FWIW, my current project fails since we only have one woman on the team.

right, Julie you can ignore this, but HR has said we have targets to meet so the rest of you have to nominate someone who's gong to have to wear a dress. Wayne, or should I say Waynetta, its probably going to be you.

Comment Re:Totally agree with Bechdel (Score 1) 522

Not douche, but an insighhtful person who thinks that such positive discrimination and gender bias such as the Bechel test can be so trivially circumvented.

In this case, 2 women talking to each other about.. well, women. Passes the test completely even though its not exactly feminist material (or is, depending).

The rest of us think that if women want to be programmers they will be. Same as if men want to be hairdressers, childcare workers or nurses.

The discrimination and supposedly anti-female culture in IT is really nothing of the sort - its equally pathetic when viewed from a male viewpoint. Me for example, I hate the industry because I am focussed on producing quality deliverables that fit the user's needs, and I can;t stand the so-called 'alpha geek' who thinks he's the best because he's googled the latest cool technology that will be obsolete in a week. That kind of bullshit affects me just as much as female workers.
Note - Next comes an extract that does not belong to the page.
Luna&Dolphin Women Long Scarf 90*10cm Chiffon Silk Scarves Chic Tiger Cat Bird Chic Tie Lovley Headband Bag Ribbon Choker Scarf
Comment Re:Only "Windows Runtime" APIs (Score 1) 133

But it is a very pertinent question - of all the things released, a huge amount of them are written with a win32 API and then wrapped with the WinRT API (or at least, it used to be that way).

For example, I'm looking at code to search through Word documents in .NET, and it appears Microsoft has catered for my needs - there's an IFilter API that is designed for exactly this, and yet its a native COM interface (and no .NET wrapper!!). I found the same for the transcription APIs and a few others. It seems the Windows team doesn't like .NET and only releases their features in native formats.

So, has this changed and the Windows team been kicked into developing WinRT only APIs, or will I still see native ones coming out with wrappers developed by the developer team?

I'm not convinced universal apps will create excitement - not if this is the 3rd API that devs have have to learn, you get bored with learning stuff that becomes quickly obsolete only so many times, and many users will still be developing for Windows 7, for many years to come. Universal apps are meaningless if Win7 still has to be supported.

Comment Re:Too Big to Nail (Score 1) 121

such as restricting advertisers from working with rival search engines

Maybe there is no counter-argument here, and that they are guilty as sin. Just the cost of lawyering up is the only thing stopping them being brought to book. You make it sound like the allegations are just rumour and trivia.

Its pretty reasonable to suggest that justice is not being done at all here - despite what could easily be plain anti-competitive practices. That no-one will take it to court to test it means there is no justice for anyone, an allegation hanging over Google and whatever bad practices they perpetrate continue.